L’histoire de l’art participe grandement à séparer l’art des domaines profanes en le consacrant. Le regard admiratif que l’art suscite, voire exige, n’est d’ailleurs pas sans lien avec les rapports de domination qui traversent notre société. Aussi, la boule à neige – summum du mauvais goût pour certains – peut être considérée comme un objet kitsch et stupide, mais c’est paradoxalement cette condition qui la rend susceptible de devenir un objet d’art.


S’intéresser à ce phénomène méprisé, issu de la culture populaire, permet de questionner les processus de légitimation d’un objet par les institutions culturelles. La boule à neige permet d’interroger les actes de  « qualification  » et de  « croyance  » qui, par des opérations de  « bénédiction  » esthétique, de  « sacrement  » culturel, permettent à un objet ordinaire de devenir un objet d’art.
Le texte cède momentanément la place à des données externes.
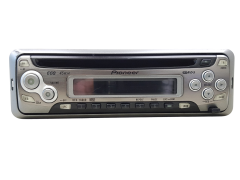 Rádio Cd Pioneer DEH-1600R D4Q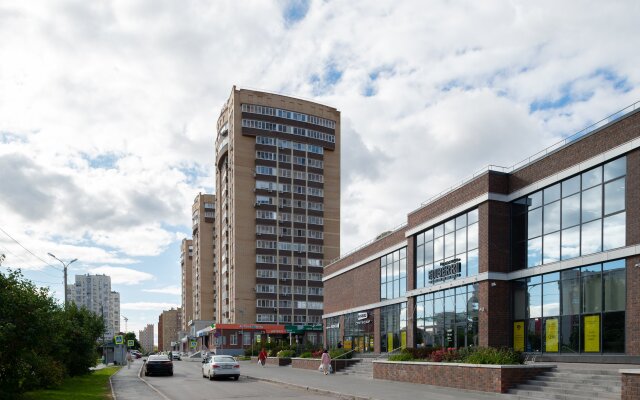 Апартаменты Видовые Трехкомнатные Возле Аквапарка Лето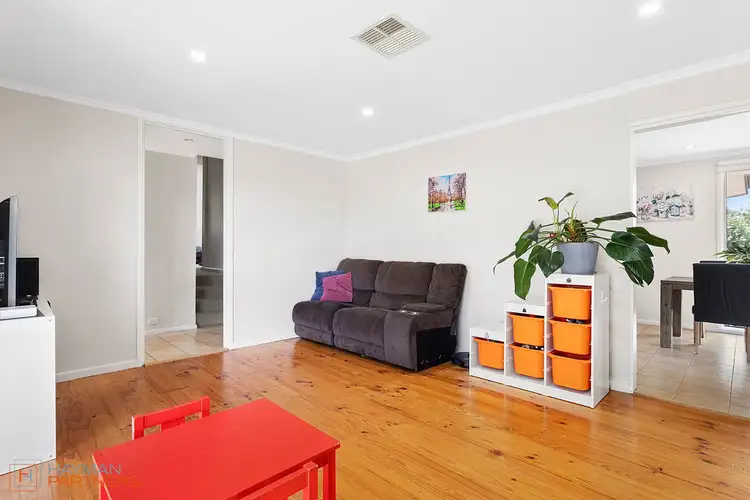 Fifth view of Homely house listing, 9 Blumenthal Place, Spence ACT 2615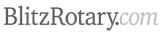 BLITZROTARY logo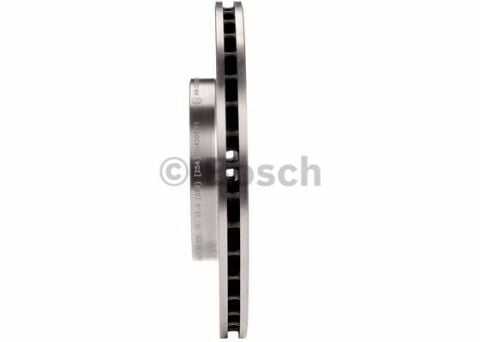 Jaguar X-Type 2.0D 2003-2011 Bosch Ön Disk 300mm 2 Adet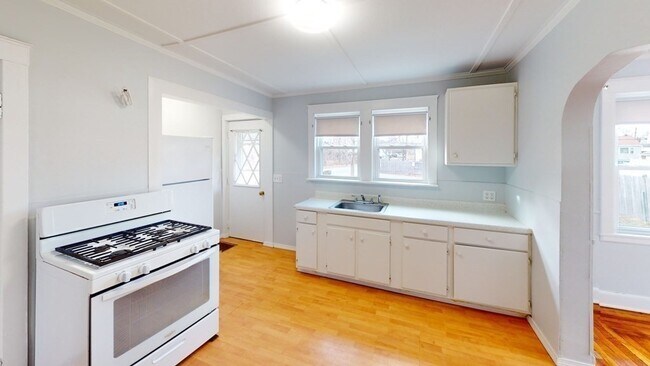 Foto del edificio - 8 Arnold St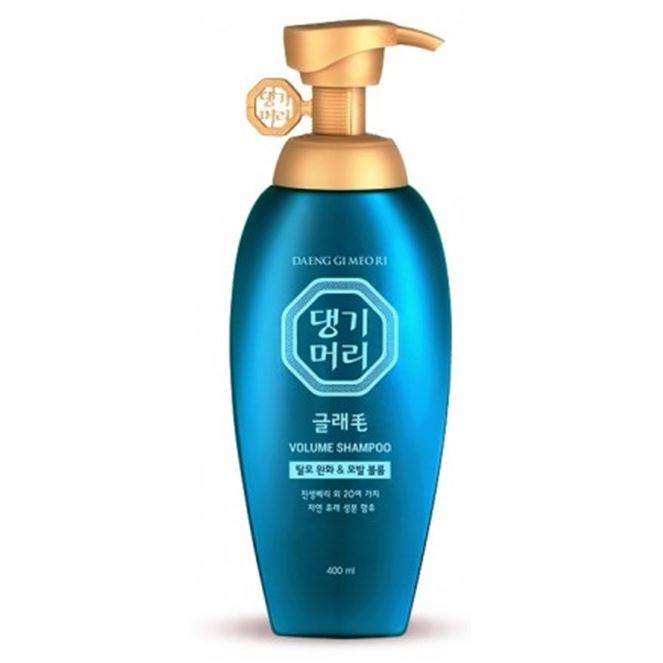 Daeng Gi Meo Ri Hair Care Glamo Volume Shampoo Шампунь для объема волос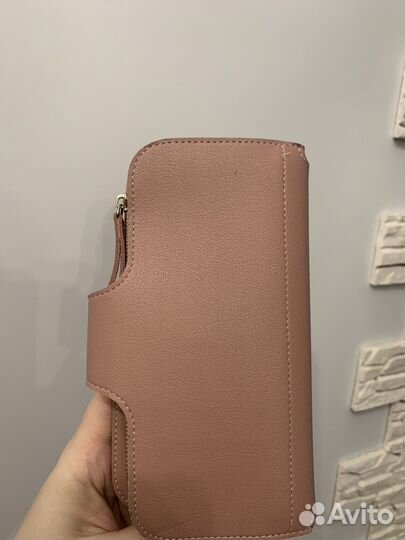 Кошелек портмоне женский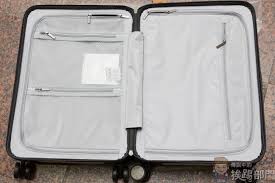 開箱 小米20 吋90 分硬殼行李箱 luggage suitcase my love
D’une croyance à l’autre, pour une archéologie du futur


Au-delà des thèmes religieux qui ont rythmé la production des boules à neige au dé- but du xxe siècle, la question de la croyance est fondamentale. Imaginons un instant l’archéologue du futur qui, dans quelques milliers d’années, va découvrir ces boules neigeuses. Au même titre qu’il considérera sans doute les stades comme des lieux de culte, il fera sans doute l’hypothèse que ces boules ne sont rien d’autre que des autels portatifs participant de nouveaux rites funéraires. Le changement anthropologique majeur que l’on traverse actuellement est le passage de l’inhumation à la crémation. La dispersion ou conservation des cendres dans ces petites urnes comme un nouveau rituel possible ? La reconstitution du monde dans un espace clos miniature comme ultime tentative de circonscrire le monde pour l’éternité ?


La boule manquante


La boule que le collectionneur ne possède pas semble être celle qui contient son enfance. La quête de l’enfance à jamais perdue comme marque d’une culture populaire commune. Autant de micro-histoires intimes qui peuvent engager les amateurs dans cette recherche vaine, à la manière d’une méditation sur la disparition. Reste comme seule possibilité alors de fabriquer soi-même la boule à neige de sa vie. Le principe du collectionneur devient sans doute non plus l’accumulation de formes de  « vanités touristiques  », mais davantage l’élaboration d’une biosphère toute personnelle.


Théâtre anatomique


C’est au milieu d’un dispositif de dissection du réel – inspiré des théâtres anatomiques de la Renaissance – que Patrick Boucheron et Mohamed El Khatib ausculteront des boules à neige et leurs histoires pour nous livrer un récit inédit sur cet objet négligé par l’Histoire. Destiné à accueillir 200 spectateurs dans une grande proximité, cet espace offre une qualité de regard et une intimité propices aux cérémonies populaires.